This is a lesson I did with a Cambridge IGCSE student for her anthology Songs of Ourselves where we spoke about Edwin Muir’s ‘Horses’ and Alan Curnow’s ‘Continuum’. Scroll down to get the essay on both poems.

This is a horrible pair of poems to analyse together, and at first we couldn’t figure out what ‘Horses’ really meant. Why was Muir getting so worked up about carthorses and seeing ‘seraphim of gold’ and other ‘ecstatic monsters’? We’ve all had a bit of insomnia, like Curnow, but didn’t feel the urge to write a poem about it.

What is ‘Horses’ about? Background
After a bit of research, we discovered that Muir wasn’t frightened of horses; he was frightened of the Apocalypse, and the poem was really an imaginative creation of the aftermath of a third world war.

The two poems felt like they had nothing in common except that they were a bit crazy, so it was tricky to even come up with a title. This is what we used:

Essay title
Explore the ways in which both poets deal with the literal and the metaphorical?

Because it was tricky, I’ve explained this through a series of questions first – to track our thinking.

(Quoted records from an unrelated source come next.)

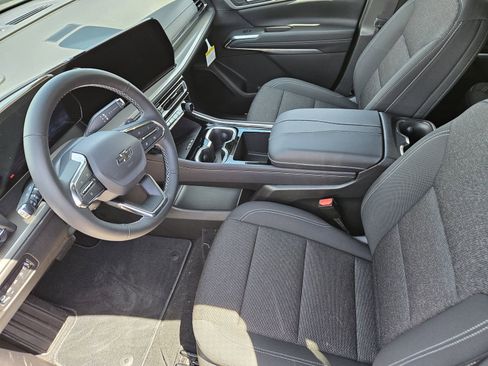 New 2026 Chevrolet Traverse LT w/ Midnight/Sport Edition AWD/4WD image 15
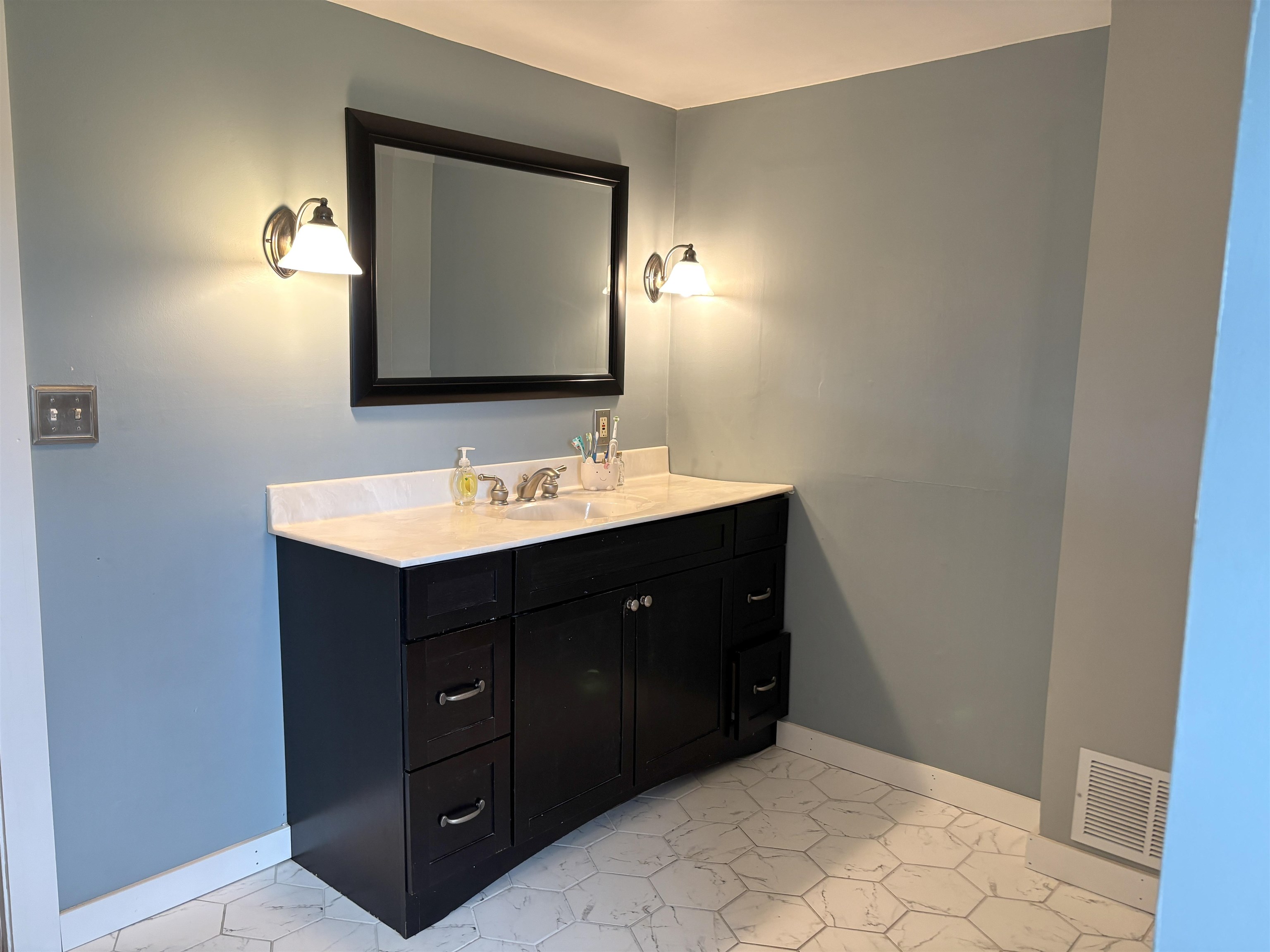 743 Simpson Hill Sutton, VT 05867 - Photo 18 of 37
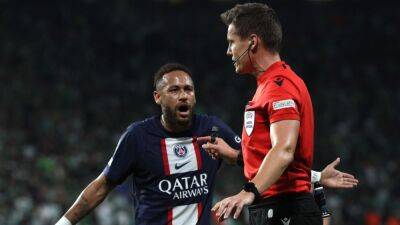 Lucas Paquetá - PSG's Neymar slams Champions League referee on Twitter after booking for trademark celebration - espn.com - France - Germany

Then there’s the start of the essay.

What is the literal topic of each poem? [1] Continuum is a short narrative poem/moment in time [2] Horses is a man standing in a field looking horses (er…?)

Point of View/Tone. How does the poet put himself in the poem? First, we looked for pronoun use: [1] Continuum ‘my’ ‘myself’, ‘mine’ ‘me’, ‘I am talking about myself’ [effect – self-focussed meditative or metaphysical] [2] Horses uses ‘I’ three times linked to ‘wonder’ [effect – awe] ‘watch’ [effect – the passive observer] ‘must’ [effect – strong sense of duty]

Tone: Mundane vs elegaic (grand): semantic fields [1] Continuum – elegiac: ‘moon’ ‘creation’ ‘night sky’ ‘author’ ‘demiurge’// mundane: ‘barefoot it’, ‘porch’, ‘privet’, ‘back to bed’, ‘tools’. [effect – sharp contrasts day to day and metaphysical]
[2] Horses – this feels like a blurred series or list of imagery, flickering with reality: imagery of ‘apocalyptic’ fear ‘smouldering bodies’ ‘mysterious fire’ [effect – connotations of damnation]; ‘wild’ ‘strange’ ‘magic powers’ [effect – suggests metaphysical, unreal, otherworldly]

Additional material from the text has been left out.